9.2.5 Gather infrastructure information
Detailed information is required for the following items:
•Individual Fabric Details
•Device Details
•Device Mapping Details
•Application-Specific Details
9.3 Migration strategy
The migration process can be simplified by preparing a migration plan in advance. Besides cabling, rack space, and power requirements, other factors such as scheduling downtime, personnel security, and application change windows as well as host and storage failover can significantly affect the SAN operations. The current configuration and operational requirements of a target SAN might impose additional constraints. The key to a successful migration is to minimize fabric interruption or to completely eliminate downtime, whenever possible, by identifying issues in advance.
Effective planning provides the preliminary groundwork for the evaluation phase and sets the foundation for the migration process. After reviewing the requirements that apply to a specific situation, the migration process will fall into one of the following categories:
•Online Redundant Fabric Migration
A redundant fabric provides the flexibility to upgrade one fabric by bringing it offline while redirecting active I/O to the other fabric. Current I/O operations are not affected by the migration activity. With this strategy, the hosts are operating in a degraded mode with no data path protection. Any failure on an active path completely ceases I/O.
With proper planning, any downtime or outage is minimized. When the fabric upgrade has been completed and verified, it can be brought back online by restoring the I/O paths.

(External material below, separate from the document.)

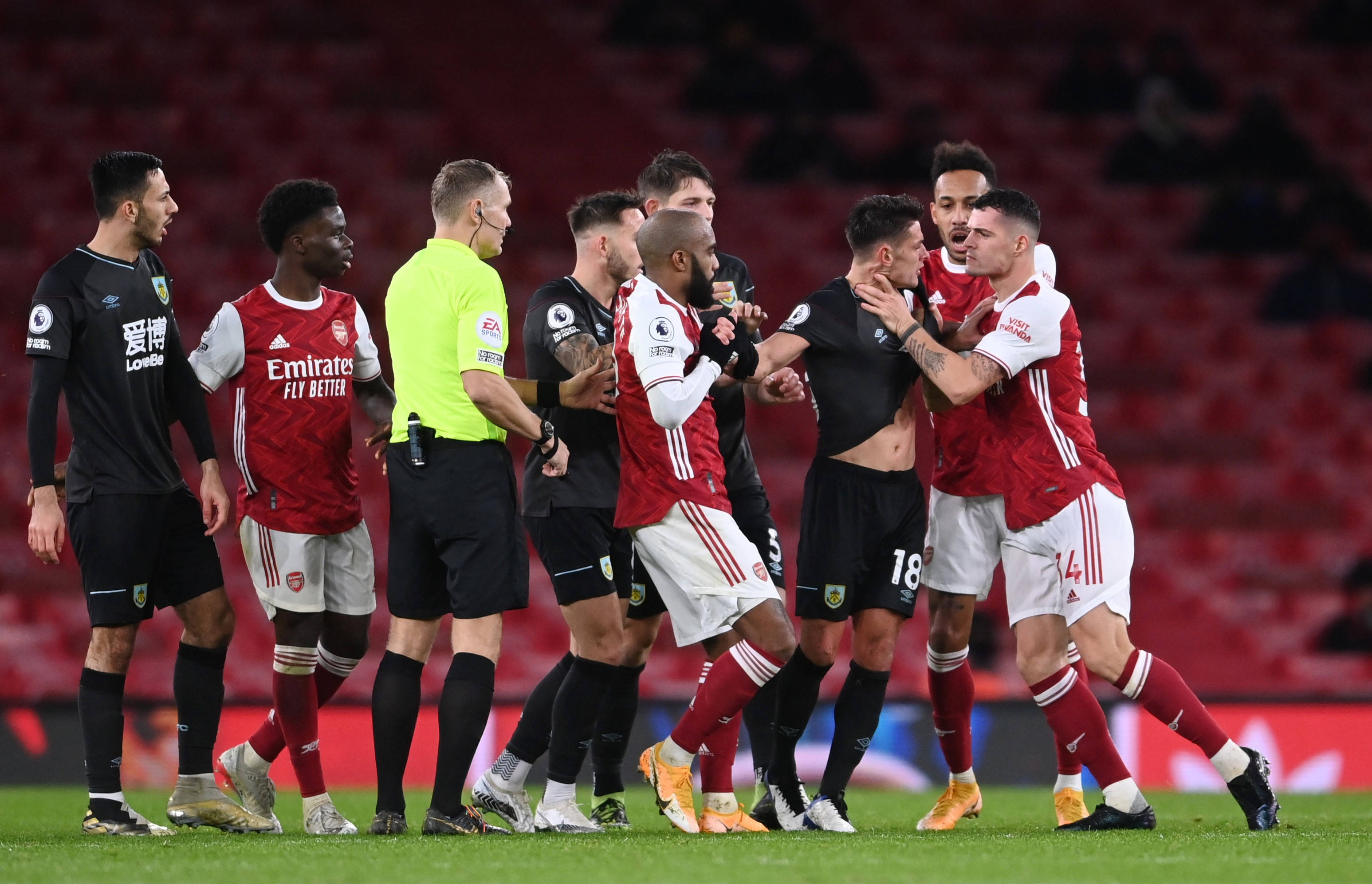 我会在摩纳 我会在摩纳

The migration process is repeated for the second fabric after all I/O paths are successfully restored on the first fabric.
•Offline fabric migration
An offline fabric migration assumes that a fabric can be brought offline to perform the migration and that I/O is stopped during the downtime. This method is the safest and most convenient method for migration.
9.3.1 Migration methods
Infrastructure resiliency or redundancy of the fabric determines the primary migration strategy. While you are preparing for the development of a migration plan, the strategy to be used must be identified. The migration has the following options:
•Port-to-Port migration: This method is a straightforward port-port migration from one fabric to another. This method requires all logically grouped initiator/target pairs to be moved during a single migration activity. This strategy is called migrating by “move groups.” For example, when a storage port is moved, all associated HBAs that are accessing LUNs through this port must also be moved.
•Application migration: This method is possible if the physical infrastructure is not shared across application tiers. If the application happens to run on a new server and storage infrastructure, a validation is required to check whether all the data has been migrated before the cutover. SANs tend to be logically identified as database, web services, backup, and so on.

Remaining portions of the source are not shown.